RECORDS FOR THIS TASK:
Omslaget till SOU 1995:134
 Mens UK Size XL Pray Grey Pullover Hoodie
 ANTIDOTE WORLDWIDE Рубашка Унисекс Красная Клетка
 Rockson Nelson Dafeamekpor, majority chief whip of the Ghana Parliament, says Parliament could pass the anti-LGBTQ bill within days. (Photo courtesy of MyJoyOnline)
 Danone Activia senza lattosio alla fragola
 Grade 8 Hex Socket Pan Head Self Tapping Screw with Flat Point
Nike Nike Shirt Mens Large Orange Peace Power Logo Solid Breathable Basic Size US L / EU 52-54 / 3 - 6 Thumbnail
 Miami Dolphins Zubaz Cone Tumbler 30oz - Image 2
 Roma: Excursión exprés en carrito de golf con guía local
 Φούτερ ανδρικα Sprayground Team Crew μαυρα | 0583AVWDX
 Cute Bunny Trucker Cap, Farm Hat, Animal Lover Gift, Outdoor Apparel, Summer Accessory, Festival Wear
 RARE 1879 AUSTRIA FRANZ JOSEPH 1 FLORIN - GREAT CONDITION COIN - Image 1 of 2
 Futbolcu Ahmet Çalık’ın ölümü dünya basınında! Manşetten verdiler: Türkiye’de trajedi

EXERCISE: Once the line with "Rockson Nelson Dafeamekpor, majority" is found in the records above, print exactly that line and every line after it through the line with "Φούτερ ανδρικα Sprayground".

EXERCISE RESULT:
 Rockson Nelson Dafeamekpor, majority chief whip of the Ghana Parliament, says Parliament could pass the anti-LGBTQ bill within days. (Photo courtesy of MyJoyOnline)
 Danone Activia senza lattosio alla fragola
 Grade 8 Hex Socket Pan Head Self Tapping Screw with Flat Point
Nike Nike Shirt Mens Large Orange Peace Power Logo Solid Breathable Basic Size US L / EU 52-54 / 3 - 6 Thumbnail
 Miami Dolphins Zubaz Cone Tumbler 30oz - Image 2
 Roma: Excursión exprés en carrito de golf con guía local
 Φούτερ ανδρικα Sprayground Team Crew μαυρα | 0583AVWDX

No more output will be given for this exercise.